Alpha Project has submitted a proposal to the city for an intake center with a “sleeping courtyard” that would accommodate up to 150 people and a camping space with room for 25 tents. Over a three-year period, the project would expand to include 700 units of permanent housing.

The idea of a safe space to pitch her tent is appealing to Lawell Brooks, a 29-year-old who sleeps under a blue tarp. On a recent morning, it was one of more than two dozen tents and tarp structures pushed up against a fenced-in empty lot in East Village. “I could probably have gotten a job by now,” she said, “but I don’t want to leave my stuff.”

    

The contours of her life are defined by her living situation. Each morning, she makes a quick trip two blocks over to a facility called Father Joe’s Villages,to take a shower and get dressed so she doesn’t appear to be residing outside. She’s been arrested simply for sleeping under her tarp, a violation of a city law banning “any vegetation or object” from being in the public right-of-way. Now she pays close attention to the signs on fences and light poles announcing when police and city workers will be conducting a clean-up.

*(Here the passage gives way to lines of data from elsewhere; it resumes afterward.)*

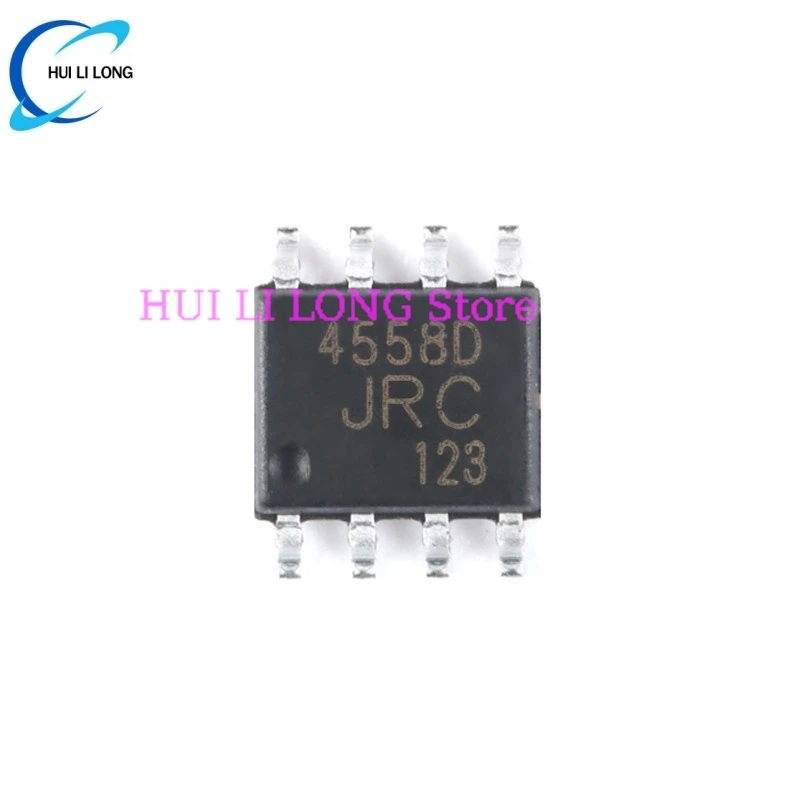 50pcs/10pcs 4558D SOP8 JRC4558 SOP JRC4558D NJM4558 4558 jrc4558 SOP-8 SMD Dual Operational Amplifier Chip IC New Original
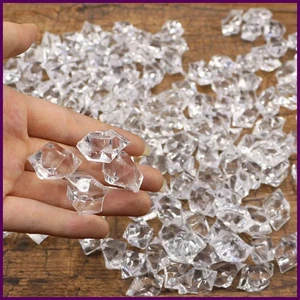 100/200pcs Crystal Transparent Fake Crushed Ice Stones Party Wedding Decorations - Picture 1 of 30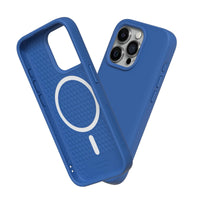 1 x RAW Customer Returns RhinoShield Case compatible with iPhone 15 Pro Max SolidSuit - MagSafe compatible - Shock-absorbing slim protective case with premium finish - 3.5 meter drop protection - Cobalt blue - RRP €44.62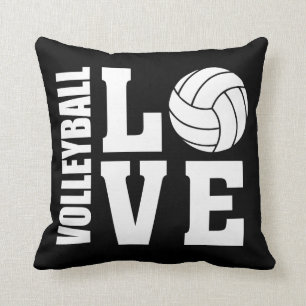 Coussin Volleyball amour noir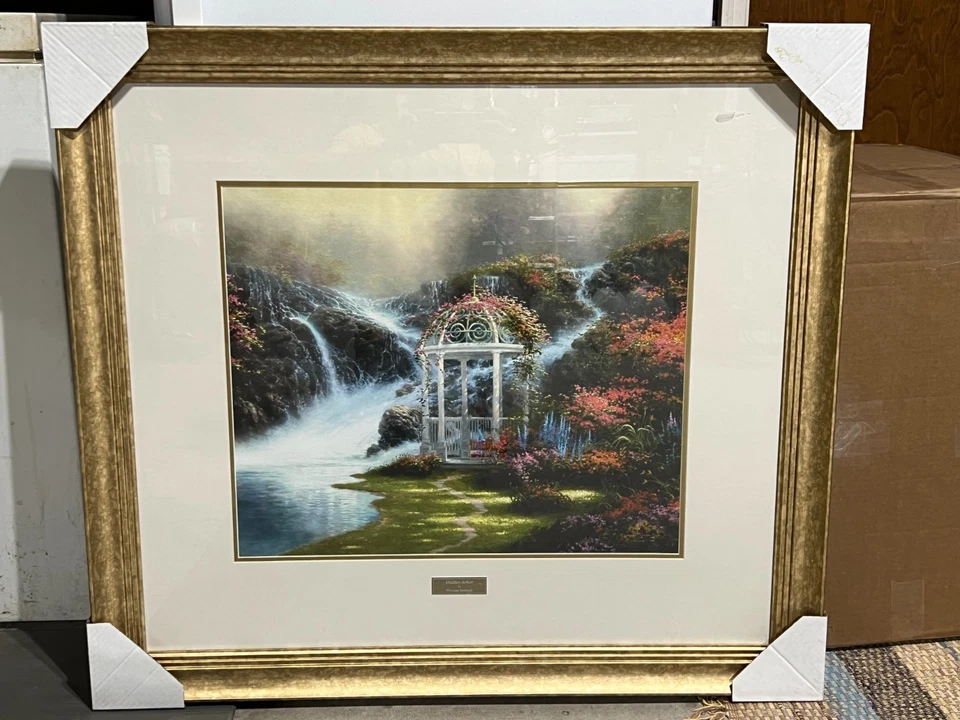 Cuadro Thomas Kinkade Hidden Arbor año 1994 impresión 35x39 20x24 Foto 2 de 4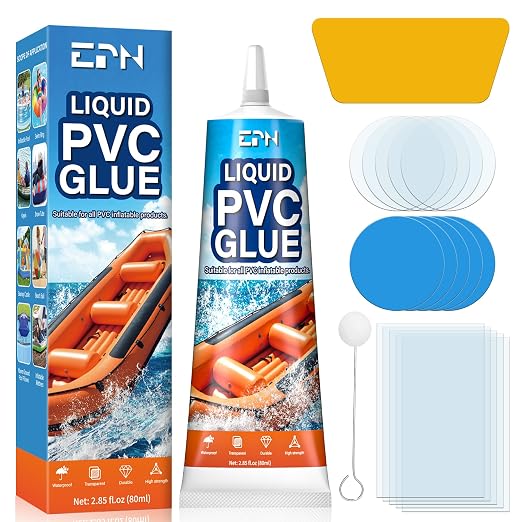 EPN Air Mattress Patch Kit, Waterproof Vinyl Pool Liner Repair Kit by WelcometoAmericanEpsilon
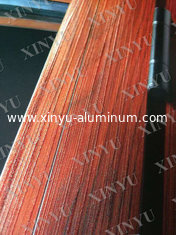 China Wood transfer aluminum sliding windows extrusion profile manufacturer supplier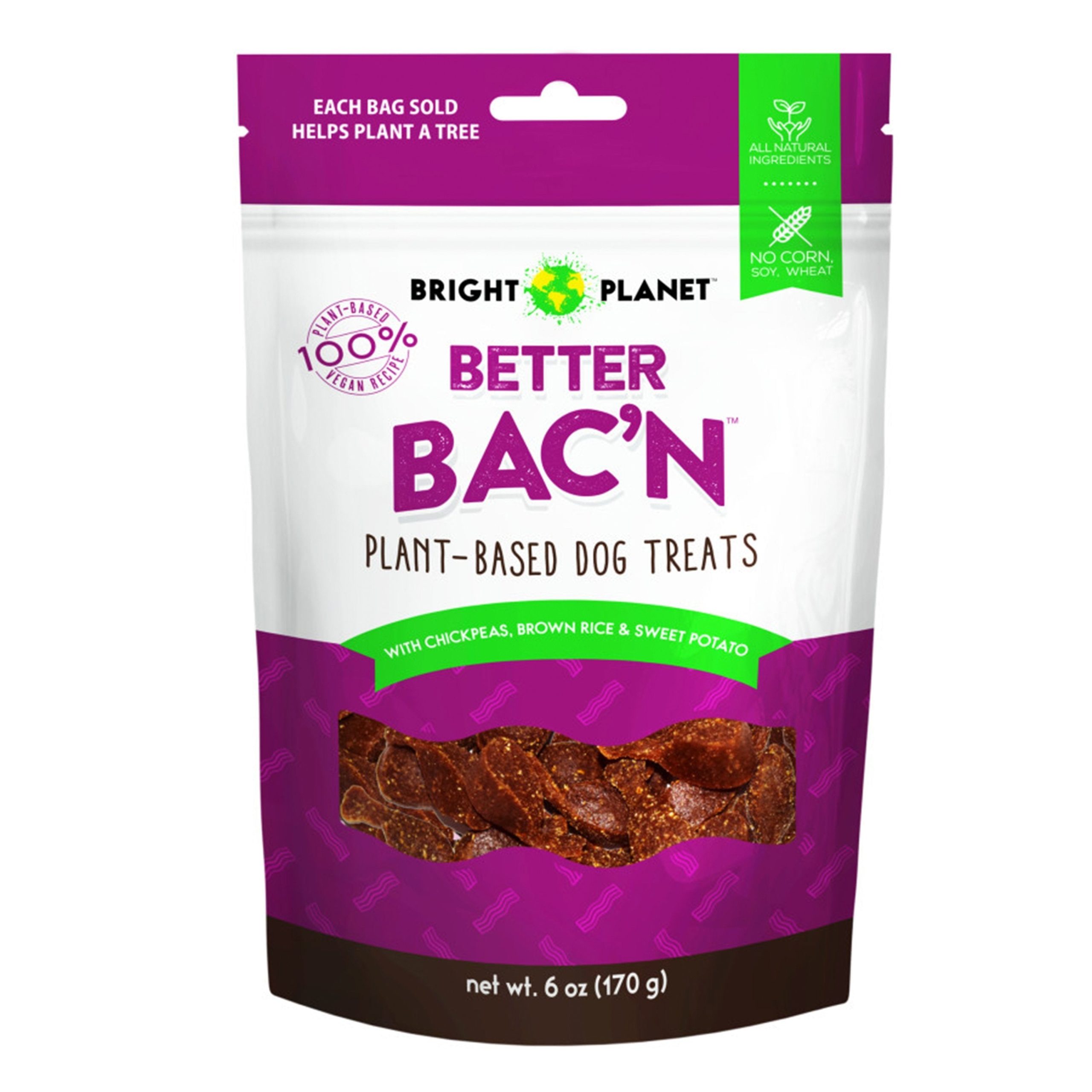 Bright Planet Better Bac’n Plant-Based Dog Treats 6-oz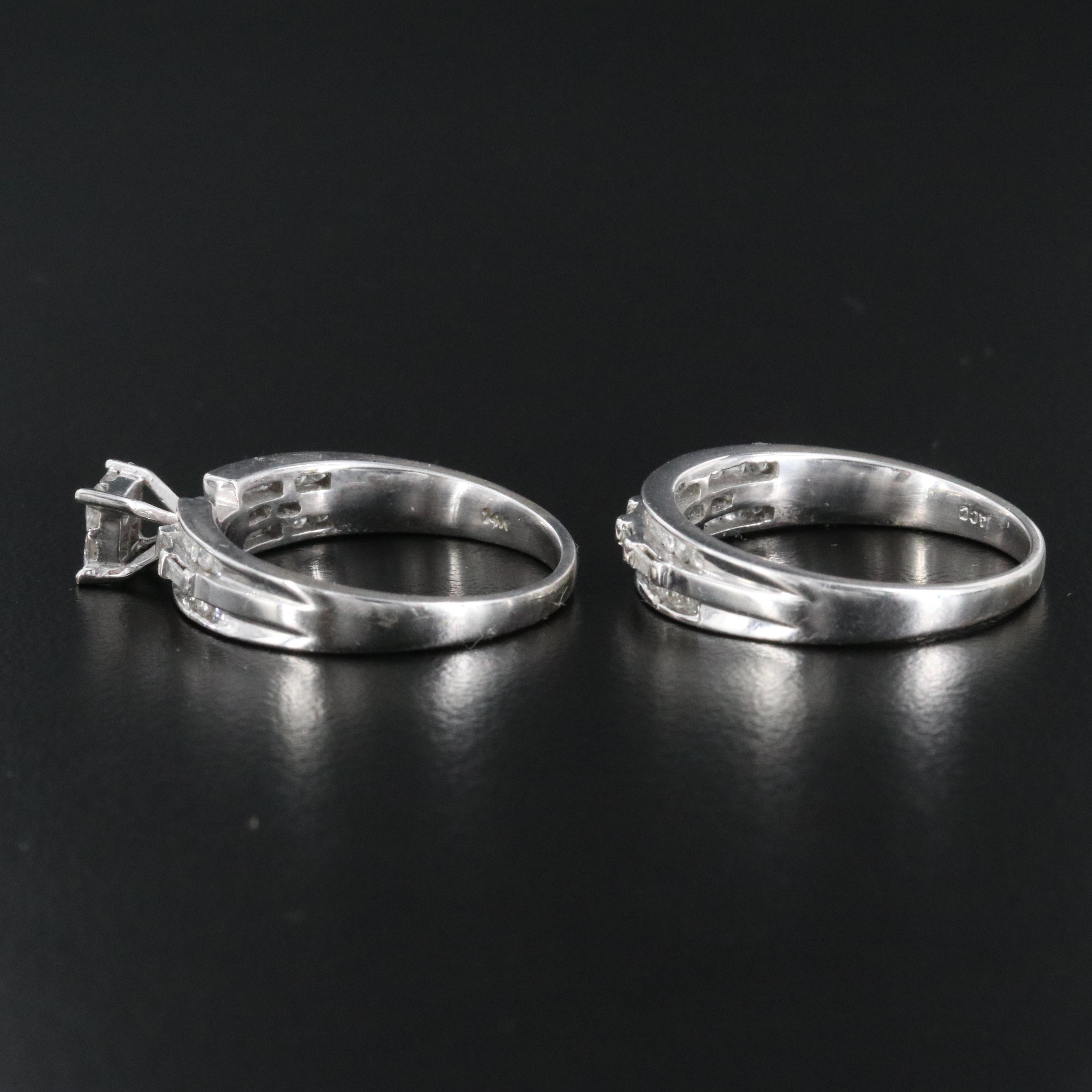 14K 0.75 CTW Diamond Ring Set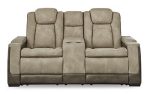 Next-Gen DuraPella Power Reclining Loveseat with Console For Sale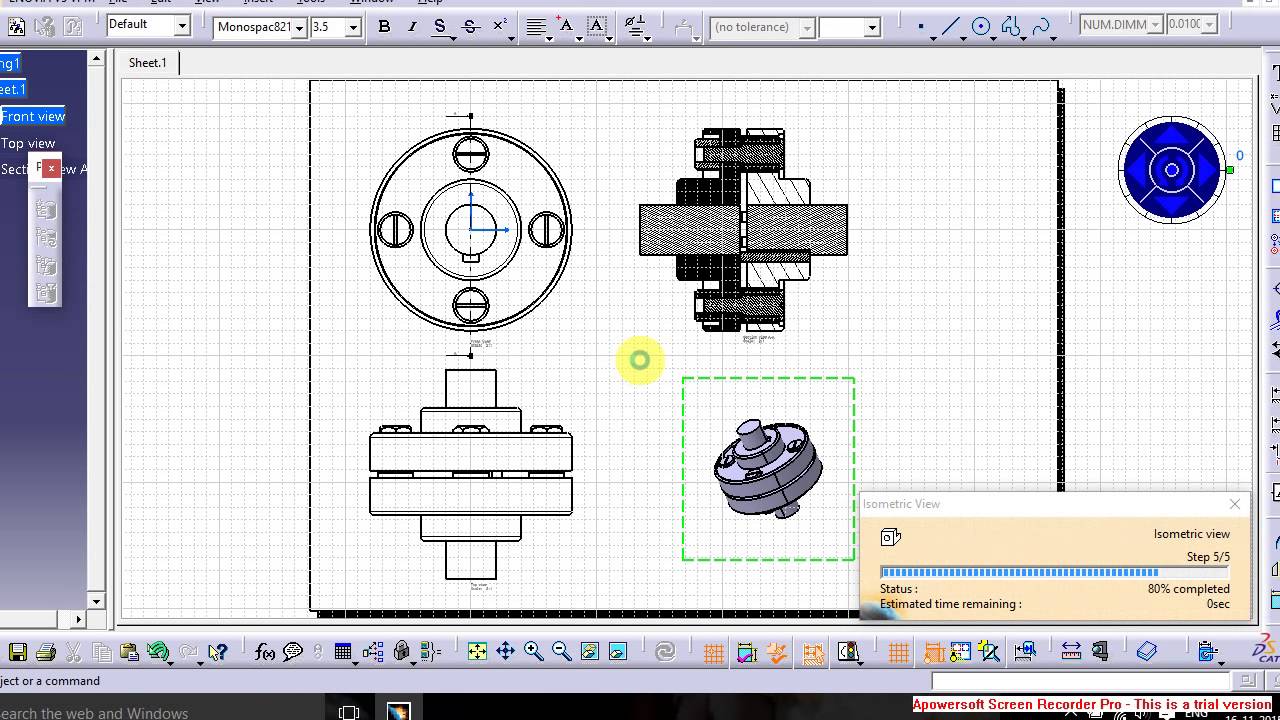 Drafting in catia (tutorial)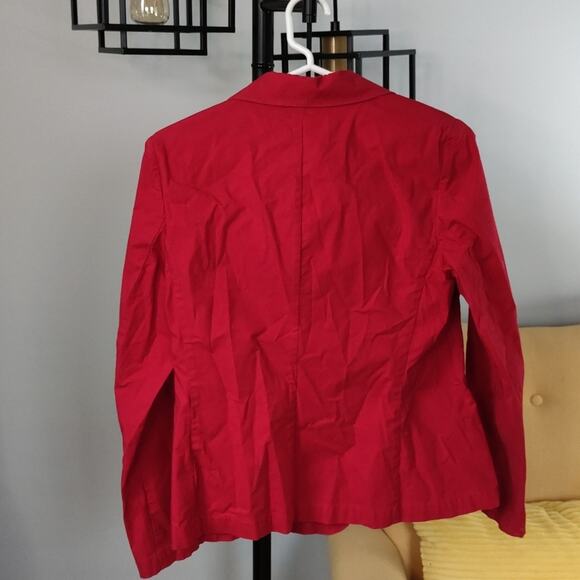 Red button up jacket Talbot's - Picture 4 of 4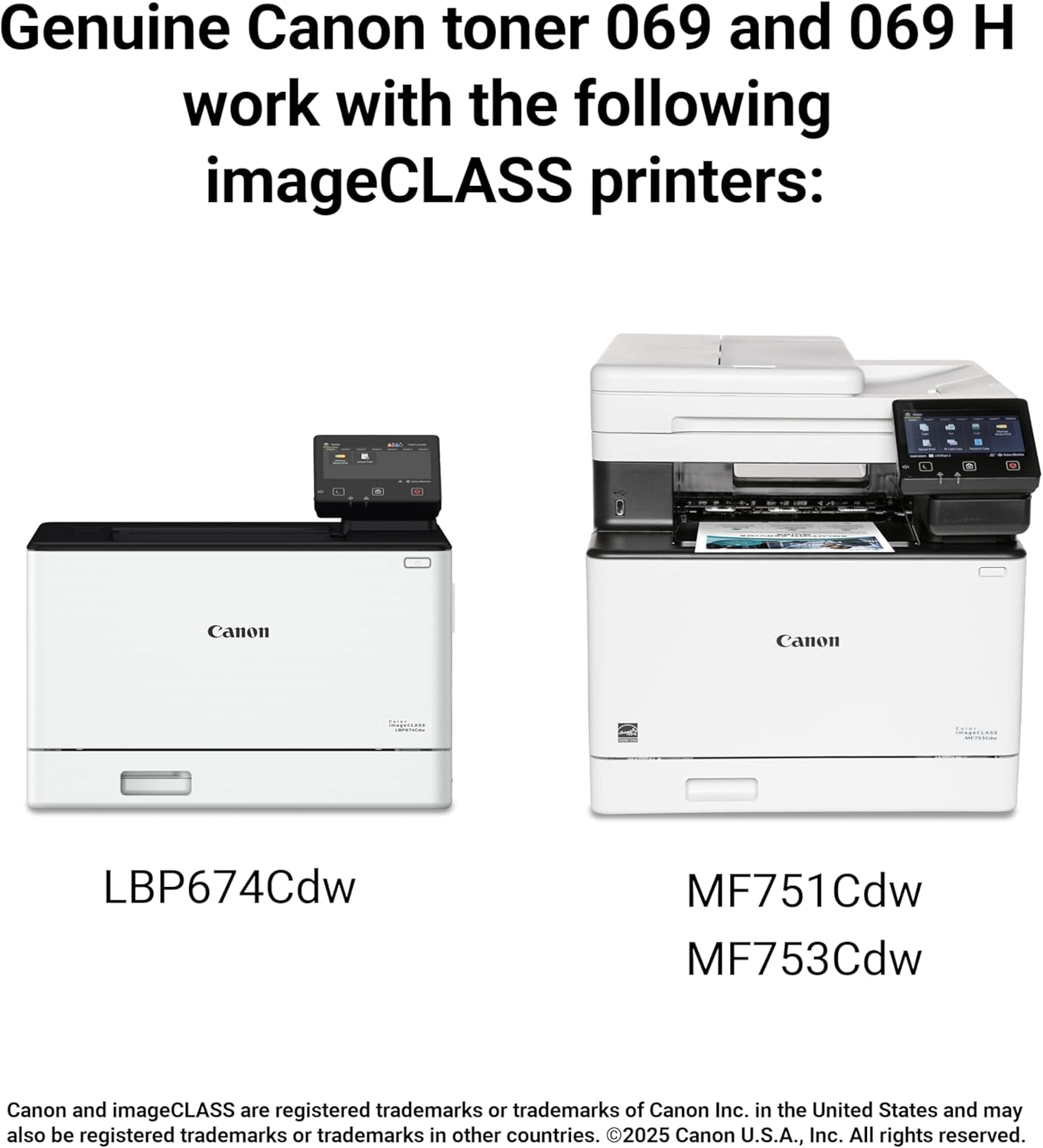 71WjYGUH3L._AC_SL1500_.jpg Canon Genuine 069 Cyan Toner Cartridge High Capacity Compatible with MF753Cdw, MF751Cdw, LBP674Cdw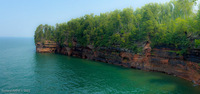 Panorama 823 Apostle Islands 2025 Artistic Panorama Sea Caves 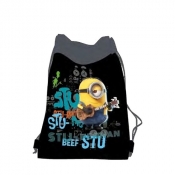 Worek na obuwie Minionki czarny - <br />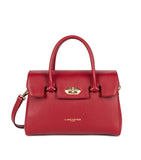 Petit sac à main à rabat Foulonné Milano Lancaster Carmin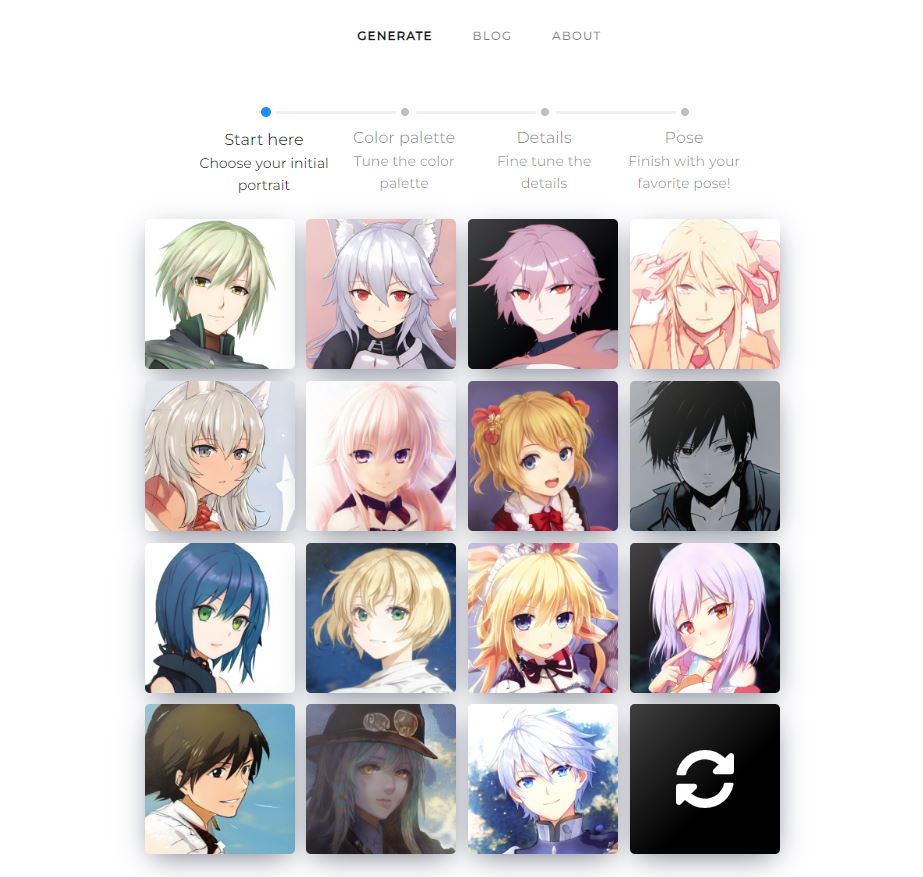 Generate Unique Anime Characters with Waifu Labs AI Tool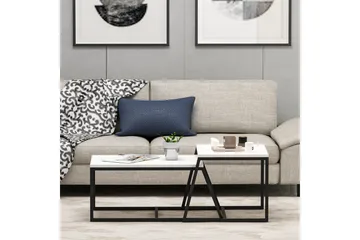 Minimal Soffbord 75x50 cm Vit - Hanah Home - Möbler - Vardagsrum - Soffbord & vardagsrumsbord - Satsbord
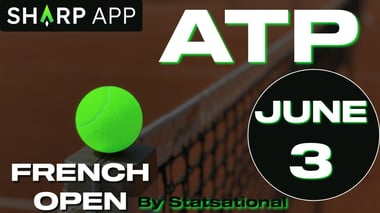 Statsational ATP French Open Model June 3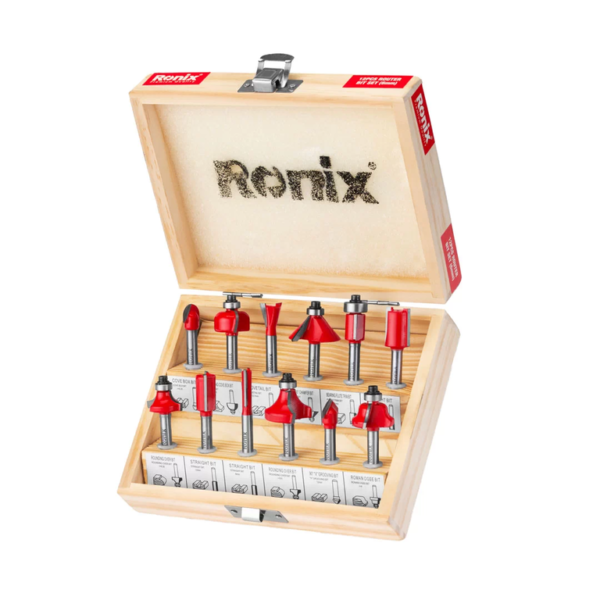 Ronix RH-5341 frezos galvučių rinkinys 12 vnt., 6 mm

Michael McConnell, a homeless advocate who lives downtown, regularly documents these sweeps on social media; his posts suggest their futility. They show that a street cleared by mid-morning will be full of tents again within hours.

Addressing homelessness means recognizing that one size doesn’t fit all, he said. McConnell supports the idea of giving people a safe place to sleep and having street outreach workers, not police, keep tabs on folks. Some might only need a few months of rental assistance, or help finding a landlord who’ll accept a housing voucher, he said. In other cases, it could take months before an outreach worker gains someone’s trust.

He is realistic about the city’s future.”People are not going to just disappear,” he said.